Achieving significant tax cuts is politically difficult. The usual solution is to admit theres a lot of middle class welfare and try to impose a means test to better target expenditure. The result is a complex and more expensive to administer welfare system and an increasingly disgruntled middle class. They claim with some justification that as the main source of tax revenue they should receive compensatory payments in return – the old “I paid tax all my life” argument. Thats the reason we have a high amount of tax churning, tax taken from taxpayers and then paid back as welfare, the main beneficiary are the public servants who administer the schemes.

The political reality is that people have become accustomed to the current system and any proposal for substantial tax cuts and commensurate welfare cuts would be viewed as an attack on basic social security. The government would lose office.

Theres is a better way, don't cut welfare but replace it with something better. A system based on wealth creation and personal responsibility.

For several years the government has been running substantial budgetary surpluses. Those surplus have been invested in the Future Fund or some other government investment scheme. Taxes should be raised to pay for the proper function of government not invested in the stock market or to set up a multi- billion dollar slush fund. The money rightfully should be in the pockets of the working men and women of Australia.

The reason given for the large surpluses is to prevent the economy over the economy heating, causing inflation and higher interest rates. While this writer is in no position to question the governments reasoning it seems at best unimaginative.

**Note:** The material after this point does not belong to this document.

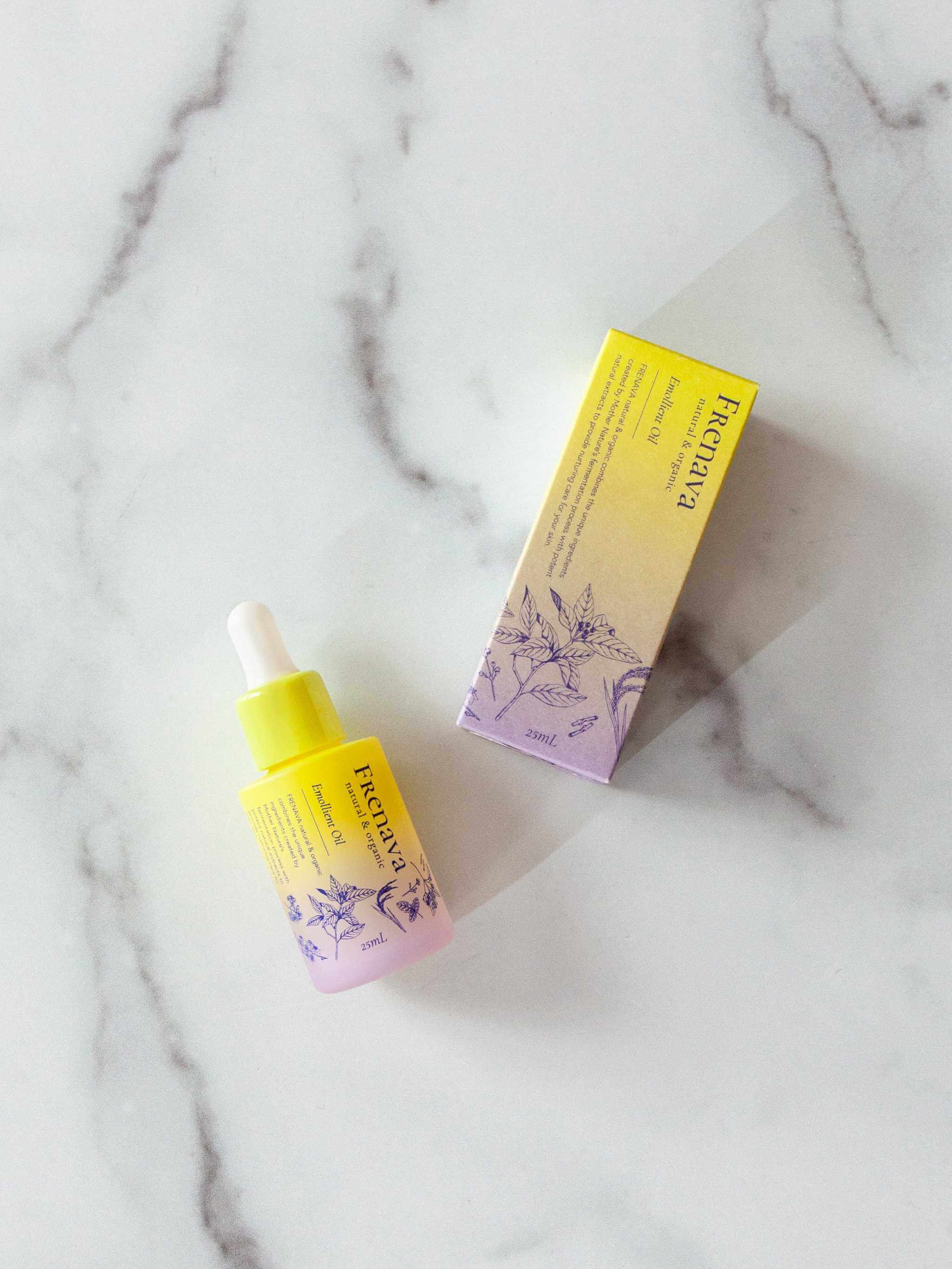 Frenava Emollient Oil with sake lees extract and Squalane on marble surface.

I propose that the surplus be given back to workers as a tax cut or tax credit. However it would not go directly go into pay accounts but into a special investment fund earning interest – call is something like Personal Welfare Account, linked to the individual's superannuation. There are about 10 million workers in Australia, if the $20 billion surplus expected this year was used this way it would give every worker a $2000 tax refund. Within few years every worker would have $6000-$8000 in their account. At that stage the PWA would be able to cover the first six months of unemployment at the same or higher rate as the dole. There would be no means test and minimal contact with Centrelink required. As the fund grows it could be used to replace other welfare payments. On retirement the money would be rolled into your superannuation. This has the great advantage that as the PWA grow welfare can be reduced allowing further tax cuts without the necessity of cutting government income support.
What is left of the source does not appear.